Task directions. With the first line below as the start and the line containing "Vintage Polaroid Automatic" as the end, copy every line between them exactly, ends included.

Information shown.
BEGIN

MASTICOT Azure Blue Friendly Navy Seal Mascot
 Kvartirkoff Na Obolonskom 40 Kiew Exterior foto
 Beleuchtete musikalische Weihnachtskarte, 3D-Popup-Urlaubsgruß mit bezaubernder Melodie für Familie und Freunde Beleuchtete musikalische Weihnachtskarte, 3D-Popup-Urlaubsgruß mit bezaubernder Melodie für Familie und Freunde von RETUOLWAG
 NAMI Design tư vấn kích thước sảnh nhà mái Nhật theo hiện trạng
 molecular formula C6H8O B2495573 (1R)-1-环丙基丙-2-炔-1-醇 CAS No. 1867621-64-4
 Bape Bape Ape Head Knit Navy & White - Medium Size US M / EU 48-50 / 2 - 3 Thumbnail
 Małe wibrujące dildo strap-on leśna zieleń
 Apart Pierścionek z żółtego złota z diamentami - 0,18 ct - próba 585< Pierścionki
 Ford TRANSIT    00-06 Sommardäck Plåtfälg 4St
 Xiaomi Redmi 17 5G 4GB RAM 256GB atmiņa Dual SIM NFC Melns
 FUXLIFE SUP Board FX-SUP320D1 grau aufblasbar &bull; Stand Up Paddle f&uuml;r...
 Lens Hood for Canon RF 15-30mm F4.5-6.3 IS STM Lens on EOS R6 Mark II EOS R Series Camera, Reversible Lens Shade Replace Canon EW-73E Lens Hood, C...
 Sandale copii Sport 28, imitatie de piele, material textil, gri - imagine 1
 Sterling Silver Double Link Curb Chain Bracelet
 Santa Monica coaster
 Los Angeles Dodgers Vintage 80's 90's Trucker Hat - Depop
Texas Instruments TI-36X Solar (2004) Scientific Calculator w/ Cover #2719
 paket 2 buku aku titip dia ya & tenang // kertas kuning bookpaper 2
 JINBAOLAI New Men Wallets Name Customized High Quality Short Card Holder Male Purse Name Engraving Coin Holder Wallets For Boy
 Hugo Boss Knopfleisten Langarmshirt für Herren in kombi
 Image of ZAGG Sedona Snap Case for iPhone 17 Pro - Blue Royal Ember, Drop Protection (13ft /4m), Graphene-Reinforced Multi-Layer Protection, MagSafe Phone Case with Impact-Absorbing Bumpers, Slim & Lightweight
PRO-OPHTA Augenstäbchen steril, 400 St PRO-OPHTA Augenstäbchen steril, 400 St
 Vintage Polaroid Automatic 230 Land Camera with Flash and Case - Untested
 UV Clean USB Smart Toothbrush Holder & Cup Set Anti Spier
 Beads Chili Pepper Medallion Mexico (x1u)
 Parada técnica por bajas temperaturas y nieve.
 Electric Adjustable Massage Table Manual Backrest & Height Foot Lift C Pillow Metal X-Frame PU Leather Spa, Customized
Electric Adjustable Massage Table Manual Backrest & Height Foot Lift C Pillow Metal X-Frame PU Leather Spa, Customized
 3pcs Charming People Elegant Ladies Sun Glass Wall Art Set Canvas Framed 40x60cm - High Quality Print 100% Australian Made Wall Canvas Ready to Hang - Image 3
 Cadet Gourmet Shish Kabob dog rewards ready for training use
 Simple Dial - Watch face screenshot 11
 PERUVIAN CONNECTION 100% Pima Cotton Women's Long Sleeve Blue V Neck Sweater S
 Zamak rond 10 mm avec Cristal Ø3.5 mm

END

Problem solution.
MASTICOT Azure Blue Friendly Navy Seal Mascot
 Kvartirkoff Na Obolonskom 40 Kiew Exterior foto
 Beleuchtete musikalische Weihnachtskarte, 3D-Popup-Urlaubsgruß mit bezaubernder Melodie für Familie und Freunde Beleuchtete musikalische Weihnachtskarte, 3D-Popup-Urlaubsgruß mit bezaubernder Melodie für Familie und Freunde von RETUOLWAG
 NAMI Design tư vấn kích thước sảnh nhà mái Nhật theo hiện trạng
 molecular formula C6H8O B2495573 (1R)-1-环丙基丙-2-炔-1-醇 CAS No. 1867621-64-4
 Bape Bape Ape Head Knit Navy & White - Medium Size US M / EU 48-50 / 2 - 3 Thumbnail
 Małe wibrujące dildo strap-on leśna zieleń
 Apart Pierścionek z żółtego złota z diamentami - 0,18 ct - próba 585< Pierścionki
 Ford TRANSIT    00-06 Sommardäck Plåtfälg 4St
 Xiaomi Redmi 17 5G 4GB RAM 256GB atmiņa Dual SIM NFC Melns
 FUXLIFE SUP Board FX-SUP320D1 grau aufblasbar &bull; Stand Up Paddle f&uuml;r...
 Lens Hood for Canon RF 15-30mm F4.5-6.3 IS STM Lens on EOS R6 Mark II EOS R Series Camera, Reversible Lens Shade Replace Canon EW-73E Lens Hood, C...
 Sandale copii Sport 28, imitatie de piele, material textil, gri - imagine 1
 Sterling Silver Double Link Curb Chain Bracelet
 Santa Monica coaster
 Los Angeles Dodgers Vintage 80's 90's Trucker Hat - Depop
Texas Instruments TI-36X Solar (2004) Scientific Calculator w/ Cover #2719
 paket 2 buku aku titip dia ya & tenang // kertas kuning bookpaper 2
 JINBAOLAI New Men Wallets Name Customized High Quality Short Card Holder Male Purse Name Engraving Coin Holder Wallets For Boy
 Hugo Boss Knopfleisten Langarmshirt für Herren in kombi
 Image of ZAGG Sedona Snap Case for iPhone 17 Pro - Blue Royal Ember, Drop Protection (13ft /4m), Graphene-Reinforced Multi-Layer Protection, MagSafe Phone Case with Impact-Absorbing Bumpers, Slim & Lightweight
PRO-OPHTA Augenstäbchen steril, 400 St PRO-OPHTA Augenstäbchen steril, 400 St
 Vintage Polaroid Automatic 230 Land Camera with Flash and Case - Untested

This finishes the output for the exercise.